Task statement: Give back every record exactly, images excluded.

Information given:
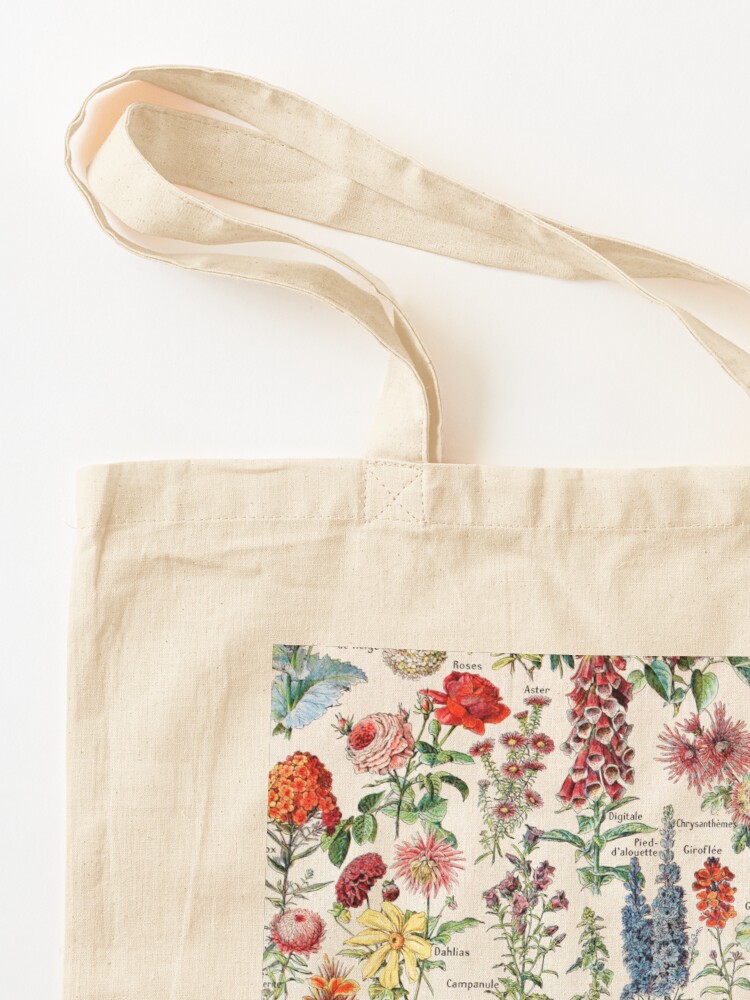 Alternate view of Adolphe Millot - Fleurs pour tous - French vintage poster Tote Bag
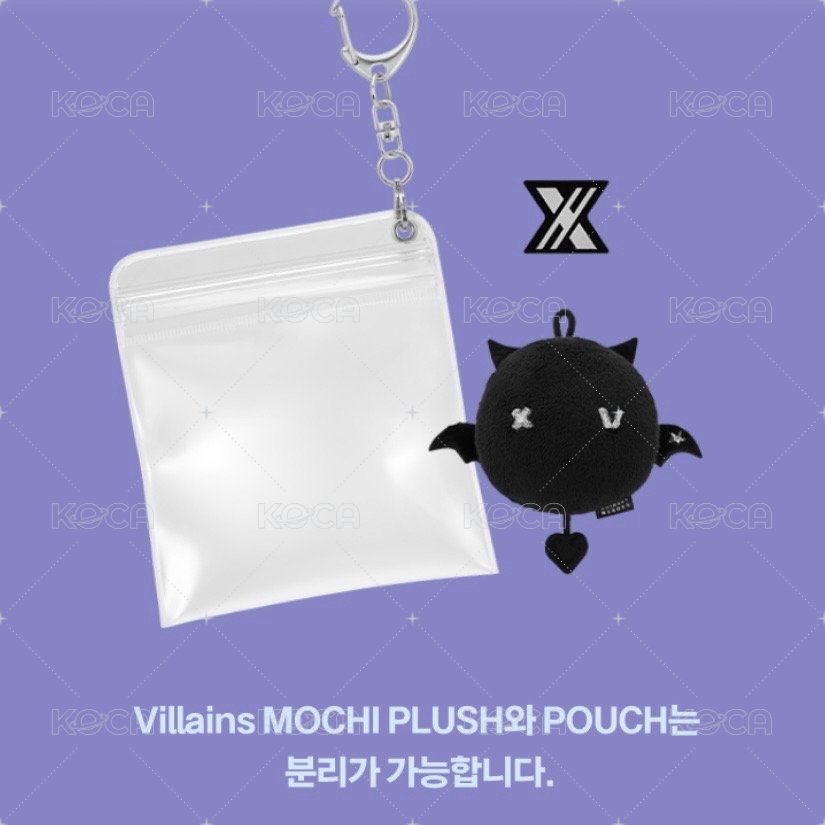 Villains MOCHI PLUSH&POUCH KEYRING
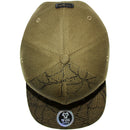 TOP LEVEL : HUSTLE | All-over Marble Print Design Snapback Cap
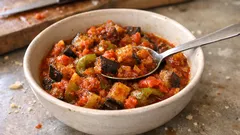 Tam kıvamında şakşuka: patlıcanı az yağ çektiren kızartma ve sos püf noktası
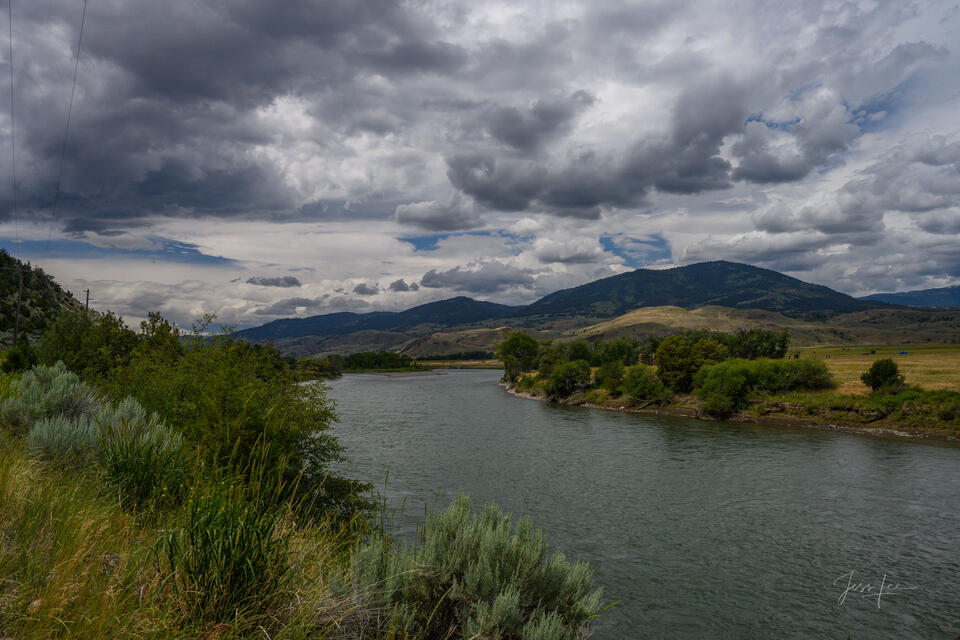 Yellowstone River Summer print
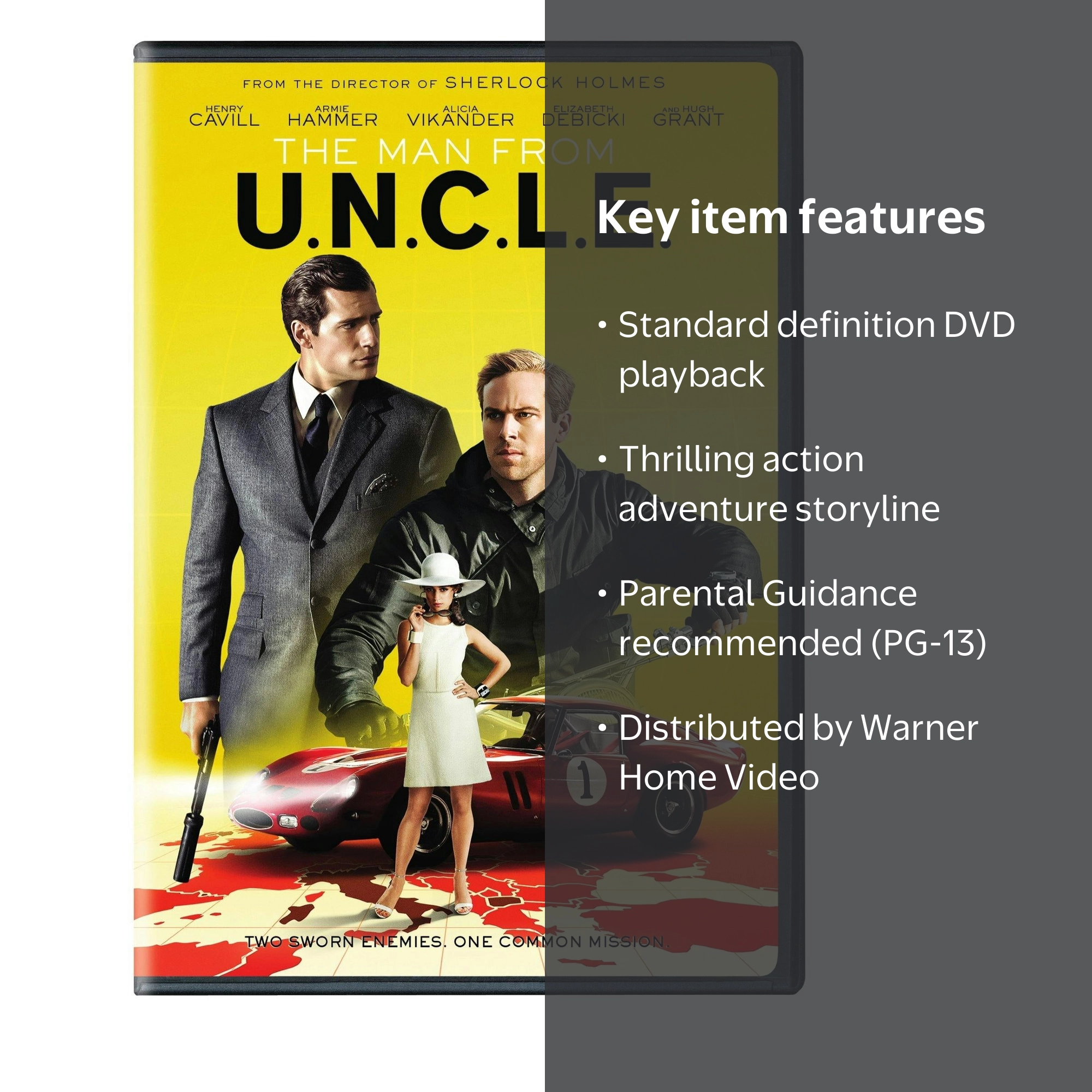 The Man from U.N.C.L.E. [DVD] - Walmart.com
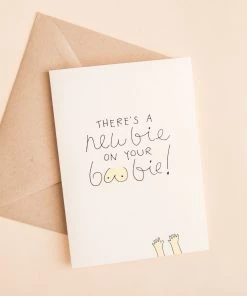 Lone Fox Newbie On Your Boobie Card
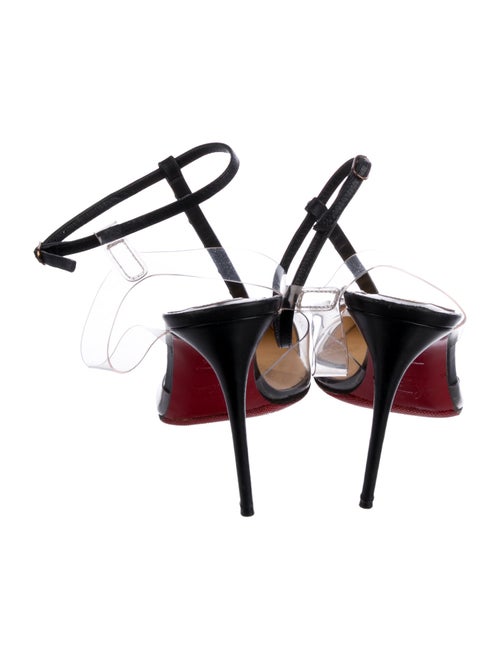 Christian Louboutin Spike Accents Leather T-Strap Pumps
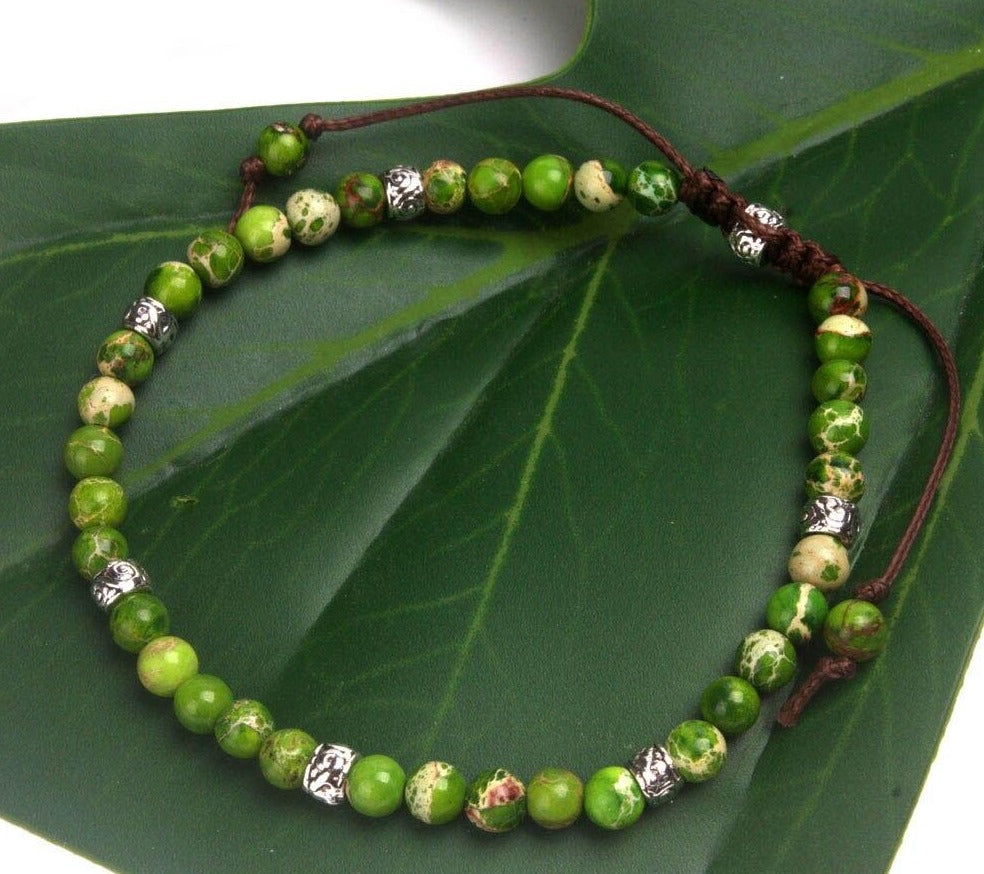Beads Skinny Bracelets Stone Japser Yoga Fancy Friendship Bracelets
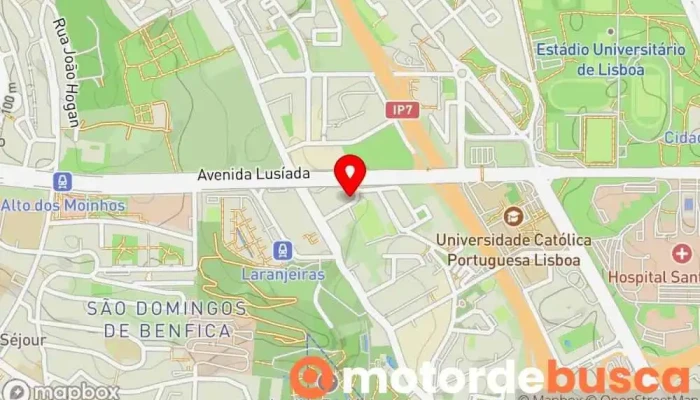 Farmacia Bruxellas Mapa - Lisboa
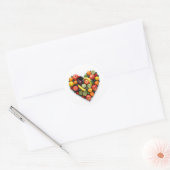 Sticker Rond Fruit Heart (Enveloppe)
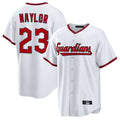 Pouc C.Guardians #23 Bo Naylor Player White Game Home Stitched Jerseys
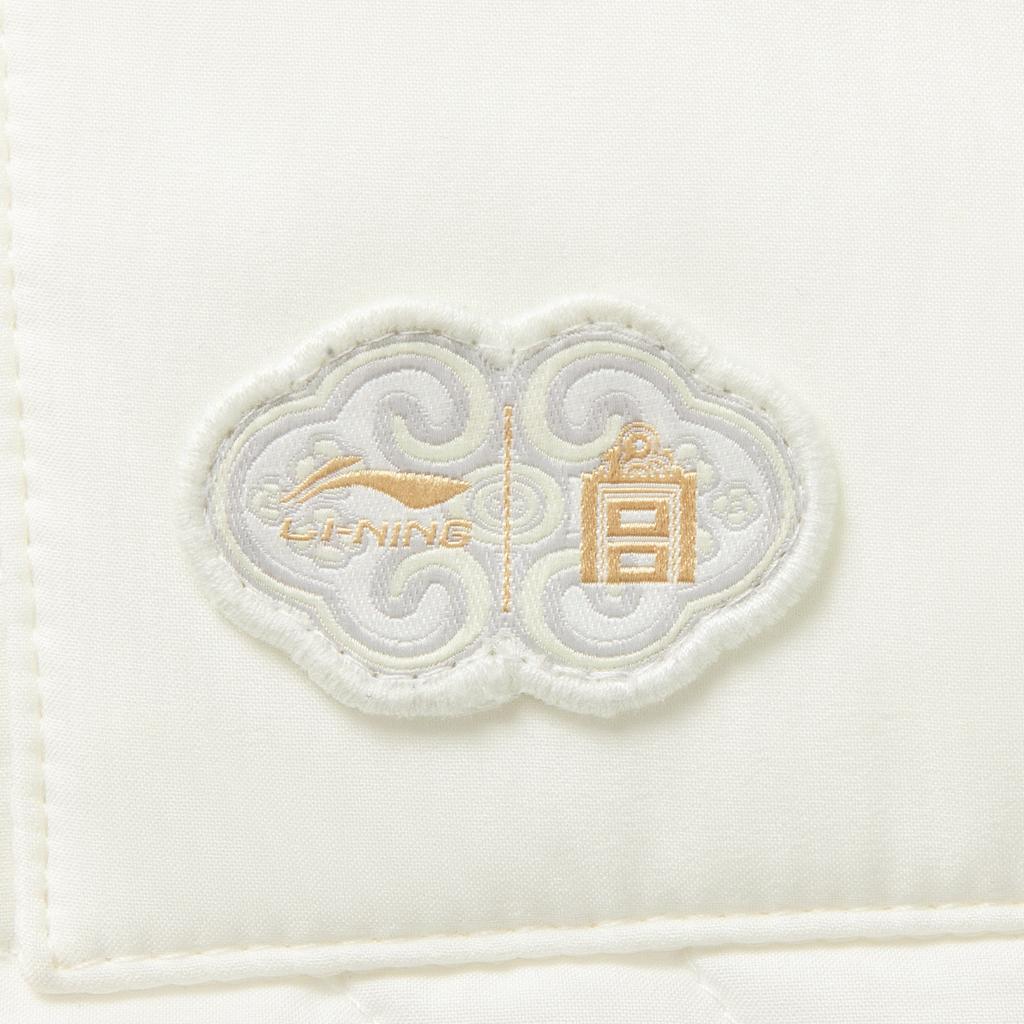 Li Ning Sports Lifestyle Series Pattern Embroidered Brand Logo Cotton Jacket Women Jacket AJMV206-5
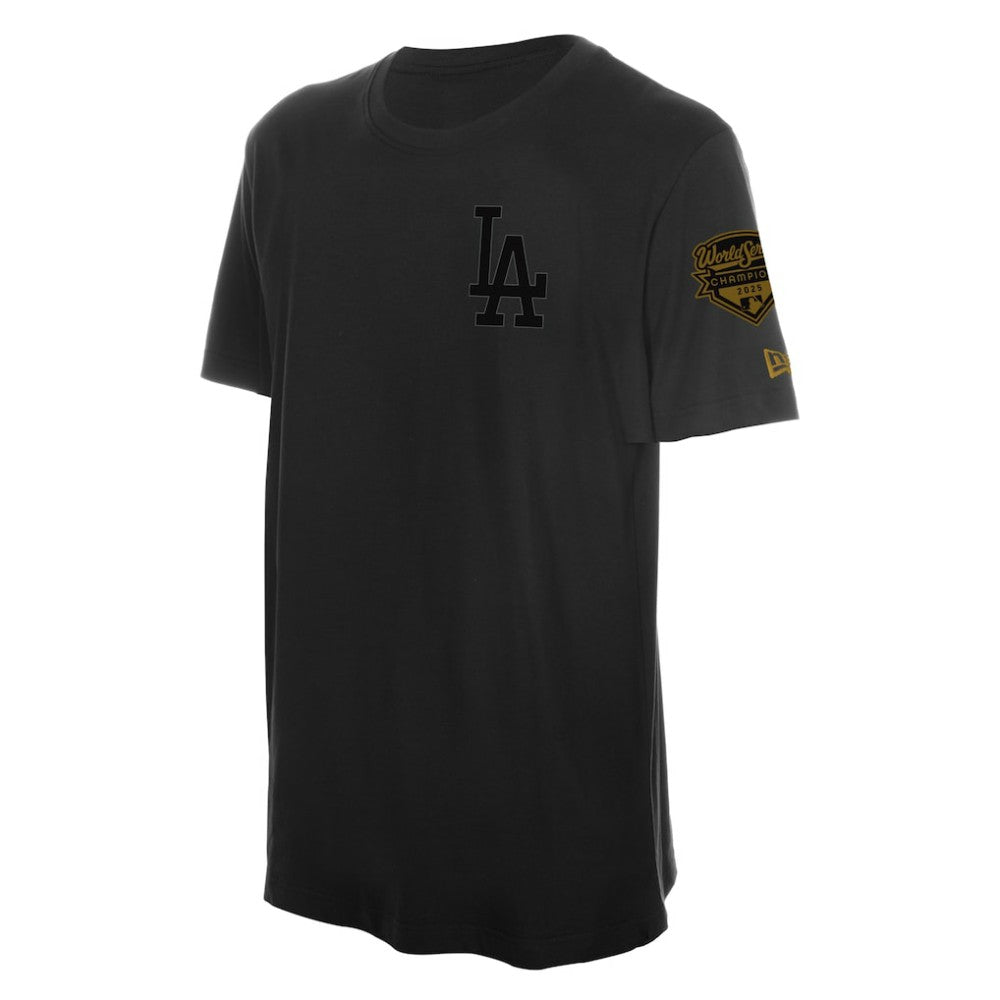 Los Angeles Dodgers New Era 2026 Gold Collection Logo & Patch T-Shirt - MLB T-shirts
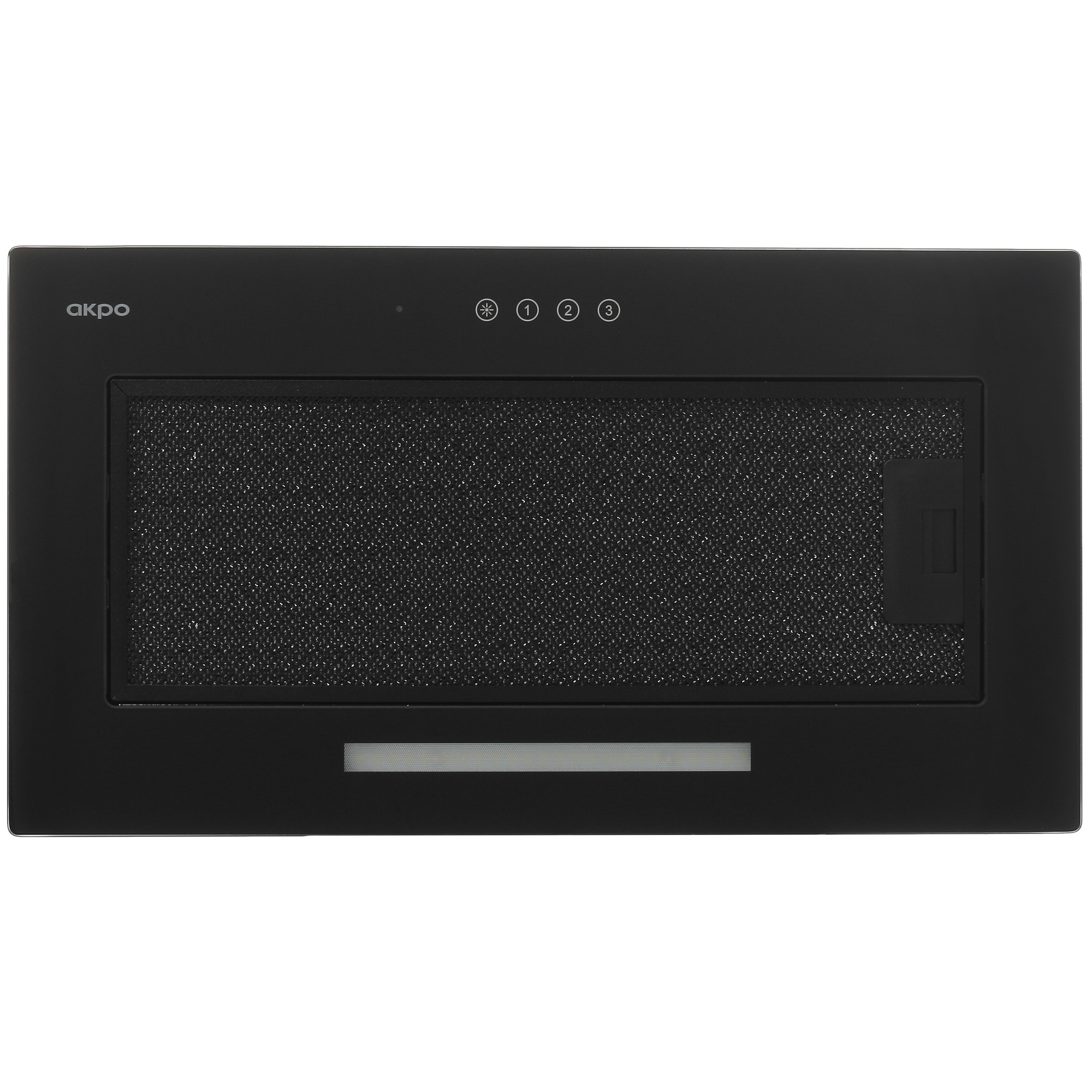 9951215 Вытяжка полновстраиваемая Akpo WK-11 Mio glass черный STDN-0041202 - Вид №5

Answer for this exercise:
 Alternate view of Adolphe Millot - Fleurs pour tous - French vintage poster Tote Bag
 Villains MOCHI PLUSH&POUCH KEYRING
 TOP LEVEL : HUSTLE | All-over Marble Print Design Snapback Cap
 Tam kıvamında şakşuka: patlıcanı az yağ çektiren kızartma ve sos püf noktası
 Yellowstone River Summer print
 The Man from U.N.C.L.E. [DVD] - Walmart.com
 Lone Fox Newbie On Your Boobie Card
 Christian Louboutin Spike Accents Leather T-Strap Pumps
Beads Skinny Bracelets Stone Japser Yoga Fancy Friendship Bracelets
 Farmacia Bruxellas Mapa - Lisboa
 Sticker Rond Fruit Heart (Enveloppe)
 Pouc C.Guardians #23 Bo Naylor Player White Game Home Stitched Jerseys
 Li Ning Sports Lifestyle Series Pattern Embroidered Brand Logo Cotton Jacket Women Jacket AJMV206-5
 Los Angeles Dodgers New Era 2026 Gold Collection Logo & Patch T-Shirt - MLB T-shirts
 9951215 Вытяжка полновстраиваемая Akpo WK-11 Mio glass черный STDN-0041202 - Вид №5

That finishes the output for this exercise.